Supplied material START

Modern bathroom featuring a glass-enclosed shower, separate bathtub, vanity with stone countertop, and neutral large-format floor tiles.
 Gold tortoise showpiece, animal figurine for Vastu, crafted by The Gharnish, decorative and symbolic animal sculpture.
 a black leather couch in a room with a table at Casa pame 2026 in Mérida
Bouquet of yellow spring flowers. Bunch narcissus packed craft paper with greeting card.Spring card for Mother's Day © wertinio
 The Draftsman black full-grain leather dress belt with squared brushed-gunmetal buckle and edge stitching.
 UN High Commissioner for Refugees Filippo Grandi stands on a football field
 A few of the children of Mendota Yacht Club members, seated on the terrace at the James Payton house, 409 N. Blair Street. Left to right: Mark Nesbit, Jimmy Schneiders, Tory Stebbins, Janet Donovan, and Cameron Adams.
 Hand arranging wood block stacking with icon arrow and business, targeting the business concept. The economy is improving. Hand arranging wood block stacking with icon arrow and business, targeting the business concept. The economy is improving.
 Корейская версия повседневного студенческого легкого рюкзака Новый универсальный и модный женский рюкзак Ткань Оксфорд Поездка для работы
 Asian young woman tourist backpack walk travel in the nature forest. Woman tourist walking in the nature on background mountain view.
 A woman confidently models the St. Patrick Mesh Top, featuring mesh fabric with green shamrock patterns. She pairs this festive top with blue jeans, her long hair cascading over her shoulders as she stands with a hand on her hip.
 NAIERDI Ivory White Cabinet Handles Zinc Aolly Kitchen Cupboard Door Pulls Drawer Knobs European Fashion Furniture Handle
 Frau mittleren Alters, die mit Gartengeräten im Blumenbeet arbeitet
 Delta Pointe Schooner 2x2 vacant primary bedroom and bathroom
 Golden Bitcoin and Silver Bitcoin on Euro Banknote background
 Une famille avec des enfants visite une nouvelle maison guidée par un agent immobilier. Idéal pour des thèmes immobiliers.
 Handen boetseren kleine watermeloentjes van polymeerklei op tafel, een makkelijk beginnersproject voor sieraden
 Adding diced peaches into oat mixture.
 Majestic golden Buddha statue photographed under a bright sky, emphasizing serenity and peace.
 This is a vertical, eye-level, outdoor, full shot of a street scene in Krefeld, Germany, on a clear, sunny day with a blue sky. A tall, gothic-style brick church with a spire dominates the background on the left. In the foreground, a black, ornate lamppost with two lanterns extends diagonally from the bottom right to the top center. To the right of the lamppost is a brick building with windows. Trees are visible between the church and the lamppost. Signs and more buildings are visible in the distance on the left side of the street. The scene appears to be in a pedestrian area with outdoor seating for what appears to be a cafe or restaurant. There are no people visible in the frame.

Supplied material END

• _What the exercise asks_
In the entries above, how many lines hold the word "bathroom"? Answer with the number only.

• _Response_
2